▸ **WORK ORDER**
Go to the line below containing "Veganer Sushi" and print exactly from there through the line containing "11 migliori temi", both included. Print nothing else.

════════════════

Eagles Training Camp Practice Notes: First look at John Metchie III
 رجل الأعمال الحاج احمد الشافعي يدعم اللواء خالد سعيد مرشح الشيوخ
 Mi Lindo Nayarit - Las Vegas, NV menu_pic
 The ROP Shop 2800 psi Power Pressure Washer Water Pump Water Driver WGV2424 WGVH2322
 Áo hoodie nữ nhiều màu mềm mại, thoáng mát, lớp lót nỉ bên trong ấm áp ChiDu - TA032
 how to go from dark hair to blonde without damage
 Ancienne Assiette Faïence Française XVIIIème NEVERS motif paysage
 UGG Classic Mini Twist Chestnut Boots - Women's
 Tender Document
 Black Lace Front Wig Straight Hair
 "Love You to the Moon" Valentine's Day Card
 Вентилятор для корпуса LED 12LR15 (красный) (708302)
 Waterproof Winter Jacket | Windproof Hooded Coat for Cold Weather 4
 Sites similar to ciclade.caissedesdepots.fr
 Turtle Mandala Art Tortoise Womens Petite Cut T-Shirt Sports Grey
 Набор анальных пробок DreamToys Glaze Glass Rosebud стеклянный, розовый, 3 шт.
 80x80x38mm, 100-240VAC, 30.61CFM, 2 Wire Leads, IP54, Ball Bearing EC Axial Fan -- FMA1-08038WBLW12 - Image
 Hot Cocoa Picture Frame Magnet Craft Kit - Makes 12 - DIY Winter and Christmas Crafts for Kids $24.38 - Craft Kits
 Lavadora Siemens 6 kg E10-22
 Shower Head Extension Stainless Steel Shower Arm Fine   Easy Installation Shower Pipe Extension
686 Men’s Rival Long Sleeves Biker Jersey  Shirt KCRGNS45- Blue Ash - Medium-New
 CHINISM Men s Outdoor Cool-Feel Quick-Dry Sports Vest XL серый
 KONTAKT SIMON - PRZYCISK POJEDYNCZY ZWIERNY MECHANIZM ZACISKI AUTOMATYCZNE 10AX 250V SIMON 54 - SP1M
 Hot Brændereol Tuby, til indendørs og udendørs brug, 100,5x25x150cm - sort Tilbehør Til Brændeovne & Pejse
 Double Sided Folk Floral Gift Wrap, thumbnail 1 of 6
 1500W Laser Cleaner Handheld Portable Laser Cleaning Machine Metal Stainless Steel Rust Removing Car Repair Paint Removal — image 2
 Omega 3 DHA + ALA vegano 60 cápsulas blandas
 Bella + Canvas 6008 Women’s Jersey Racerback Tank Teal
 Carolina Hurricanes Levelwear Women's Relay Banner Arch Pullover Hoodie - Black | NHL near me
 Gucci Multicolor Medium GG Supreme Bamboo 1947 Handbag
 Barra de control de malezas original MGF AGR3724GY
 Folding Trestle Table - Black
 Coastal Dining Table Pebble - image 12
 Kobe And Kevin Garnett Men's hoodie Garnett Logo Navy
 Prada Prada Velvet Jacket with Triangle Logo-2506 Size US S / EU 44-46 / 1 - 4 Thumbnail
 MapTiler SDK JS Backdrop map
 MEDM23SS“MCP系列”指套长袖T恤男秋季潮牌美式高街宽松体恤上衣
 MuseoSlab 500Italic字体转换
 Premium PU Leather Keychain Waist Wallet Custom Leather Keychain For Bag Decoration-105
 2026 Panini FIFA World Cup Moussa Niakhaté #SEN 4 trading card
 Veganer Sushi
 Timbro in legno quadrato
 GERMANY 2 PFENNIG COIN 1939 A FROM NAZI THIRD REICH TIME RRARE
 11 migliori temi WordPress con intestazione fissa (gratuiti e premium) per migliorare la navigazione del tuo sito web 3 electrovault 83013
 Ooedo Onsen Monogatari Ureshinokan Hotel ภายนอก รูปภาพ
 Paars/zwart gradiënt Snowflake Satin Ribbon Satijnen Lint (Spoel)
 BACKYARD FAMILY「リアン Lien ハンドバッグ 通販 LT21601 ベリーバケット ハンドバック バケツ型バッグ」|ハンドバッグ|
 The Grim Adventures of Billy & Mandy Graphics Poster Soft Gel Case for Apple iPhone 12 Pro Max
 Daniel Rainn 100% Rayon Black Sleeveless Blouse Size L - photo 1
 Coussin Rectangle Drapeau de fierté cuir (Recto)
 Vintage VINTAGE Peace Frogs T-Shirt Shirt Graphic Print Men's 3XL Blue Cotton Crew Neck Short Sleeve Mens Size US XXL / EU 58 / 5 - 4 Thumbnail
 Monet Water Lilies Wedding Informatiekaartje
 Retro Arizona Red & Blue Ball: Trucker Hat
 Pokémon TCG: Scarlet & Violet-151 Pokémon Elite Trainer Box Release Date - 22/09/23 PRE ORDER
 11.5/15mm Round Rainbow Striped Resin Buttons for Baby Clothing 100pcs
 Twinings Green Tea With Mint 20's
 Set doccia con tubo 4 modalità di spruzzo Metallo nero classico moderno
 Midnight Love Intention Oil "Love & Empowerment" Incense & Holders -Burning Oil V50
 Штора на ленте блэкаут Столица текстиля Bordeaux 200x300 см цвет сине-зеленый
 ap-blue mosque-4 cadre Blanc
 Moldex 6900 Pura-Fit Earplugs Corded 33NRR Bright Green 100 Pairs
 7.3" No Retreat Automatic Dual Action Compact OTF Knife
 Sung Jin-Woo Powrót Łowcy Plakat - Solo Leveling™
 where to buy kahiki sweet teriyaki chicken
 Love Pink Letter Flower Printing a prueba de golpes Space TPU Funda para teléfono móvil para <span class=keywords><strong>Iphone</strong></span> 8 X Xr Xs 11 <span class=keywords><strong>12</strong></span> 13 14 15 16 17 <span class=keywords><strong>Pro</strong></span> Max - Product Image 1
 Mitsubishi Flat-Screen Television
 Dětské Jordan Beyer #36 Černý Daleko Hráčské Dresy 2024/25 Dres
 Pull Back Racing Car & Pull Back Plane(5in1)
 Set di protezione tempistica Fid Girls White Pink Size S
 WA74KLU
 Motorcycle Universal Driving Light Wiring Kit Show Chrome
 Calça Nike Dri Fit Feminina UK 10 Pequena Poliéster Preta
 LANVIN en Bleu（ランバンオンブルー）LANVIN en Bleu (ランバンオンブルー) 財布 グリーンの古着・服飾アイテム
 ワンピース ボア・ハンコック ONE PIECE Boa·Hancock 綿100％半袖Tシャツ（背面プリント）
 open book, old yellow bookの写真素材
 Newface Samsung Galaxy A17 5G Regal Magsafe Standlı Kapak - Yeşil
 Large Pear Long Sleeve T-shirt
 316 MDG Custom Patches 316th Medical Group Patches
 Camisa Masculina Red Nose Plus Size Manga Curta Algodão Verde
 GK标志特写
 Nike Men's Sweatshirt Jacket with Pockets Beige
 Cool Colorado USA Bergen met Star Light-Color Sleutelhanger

════════════════

▸ **TASK RESPONSE**
 Veganer Sushi
 Timbro in legno quadrato
 GERMANY 2 PFENNIG COIN 1939 A FROM NAZI THIRD REICH TIME RRARE
 11 migliori temi WordPress con intestazione fissa (gratuiti e premium) per migliorare la navigazione del tuo sito web 3 electrovault 83013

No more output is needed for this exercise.